É questionável que o STF vaze? É, mas a verdade é que se o próprio STF não questionou o vazamento feito com Dilma, não há moral agora para questionar qualquer outro. Ou a “suruba é pra todo mundo” ou não é para ninguém, como lembrou o senador-símbolo do governo Temer, Romero Jucá. O governo Temer tenta recolher seus cacos e se sustentar. Conta com pouco apoio, mas uma valorosa inércia da esquerda brasileira que, apesar de não ter sido golpeada nos últimos meses, ainda está tonta. O problema é que não há vácuo de poder. Enquanto se discute quem vai assumir, quais eleições, candidatos, o tempo e etc. Alguém está exercendo o poder de fato. Creio que não é mais Temer, sequer como preposto.

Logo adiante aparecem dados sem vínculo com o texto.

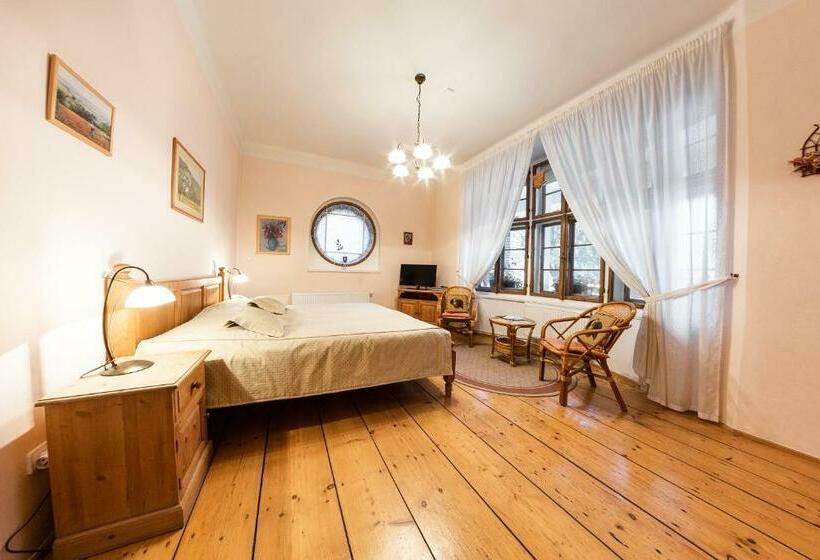 غرفة قياسية, Villa A. Malka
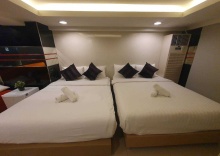 Четырёхместный номер Standard в De Lux Bangkok Hotel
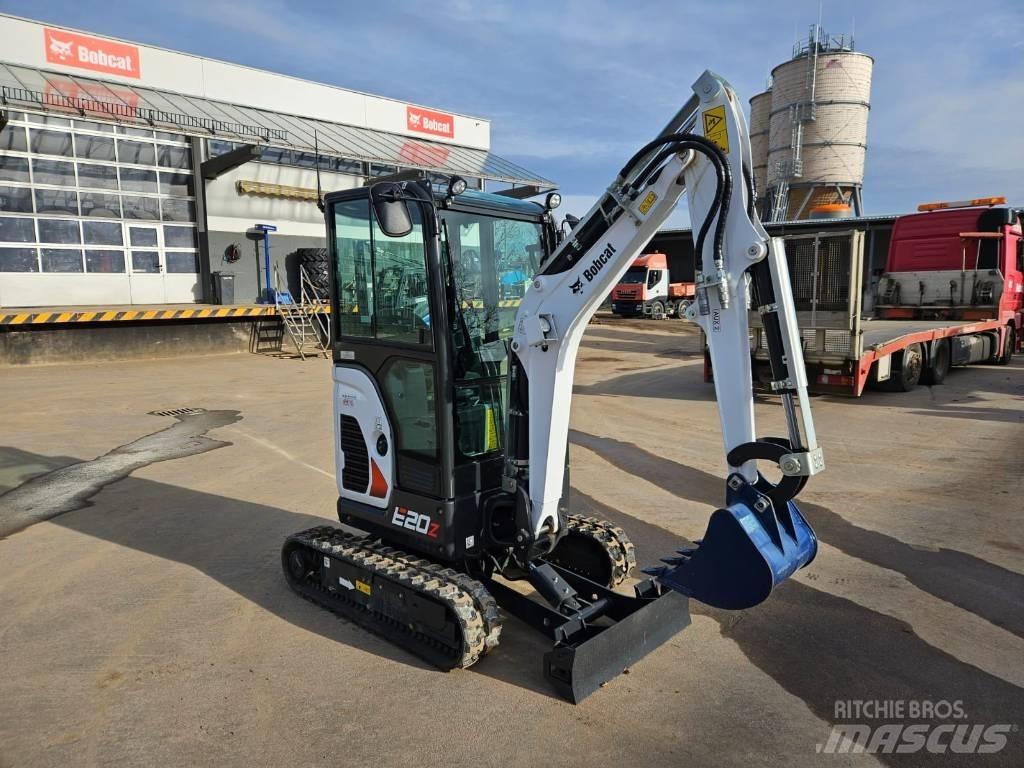 Bobcat E20z Mini kotrók < 7t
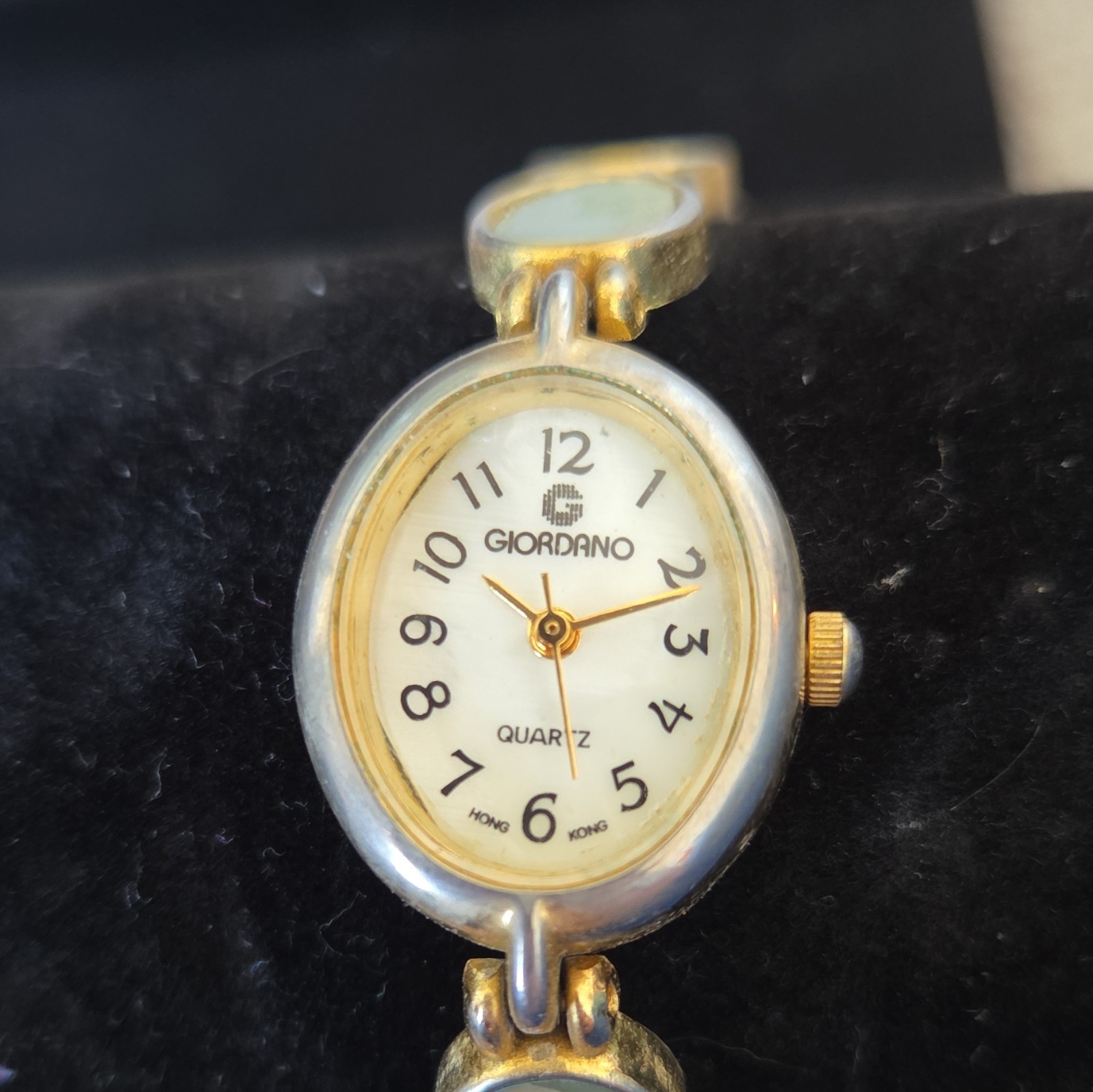 Giordano Quartz Women’s Analog Wristwatch Oval Gold Tone Bracelet White Dial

O tempo dado a Temer, portanto, é um tempo dado a este poder que não temos ciência de quem o exerce. É um tempo dado contra o país. Todo o tempo que Temer levar para cair, somando com o tempo de transição é um tempo que o brasileiro perde emprego, o empresário deixa de lucrar, quem tem fome segue com fome e tudo fica num transe inativo. Não vejo, se não por má fé, como as cabeças pensantes deste país – sejam de direita, de esquerda, de frente ou de ré – estão se permitindo este transe. A economia do país agoniza e os esforços desonestos de Temer para produzir índices (mudando metodologia, alterando prazos e etc.) já foram denunciados por muitos, incluindo o presidente do IBGE.

Se o país todo perde com esta demora, quem está ganhando? Quais os grupos que fazem da sangria de Michel Temer, a depressão de Aécio algo que os beneficie? Já não era hora da esquerda ter se recuperado e voltado para a disputa? O brasileiro já não percebeu que tudo o que está acontecendo, não importa quem se beneficie, vai piorar a sua já complicada situação?

Estão esperando efetivamente o quê, para por definitivamente a termo o governo Temer? Curitiba está desnorteada pela demonstração efetiva de como se faz uma operação policial e jurídica dada por Brasília. O PSDB acabou com a hipocrisia do discurso da superioridade, com todo o partido envolvido em esquemas e canalhices. Os asseclas de Temer nem conversam mais com medo de estarem sendo gravados. No STF o receio é o mesmo. A economia definha, o trabalho some e todos os indicativos mostram mais um período de seis meses (no mínimo) de recessão. Se antes não interessava se Dilma era culpada ou inocente, e o argumento do “conjunto da obra” aparecia o tempo todo, o que mudou agora?

Esta inércia VAI nos custar muito caro. Política, social e economicamente. Não há nenhum benefício em deixar-se um paciente perdendo sangue enquanto se discute qual doença e qual cura. Dentro do protocolo de emergência, a sutura tem precedência. A ministra Carmem Lúcia deveria saber disto.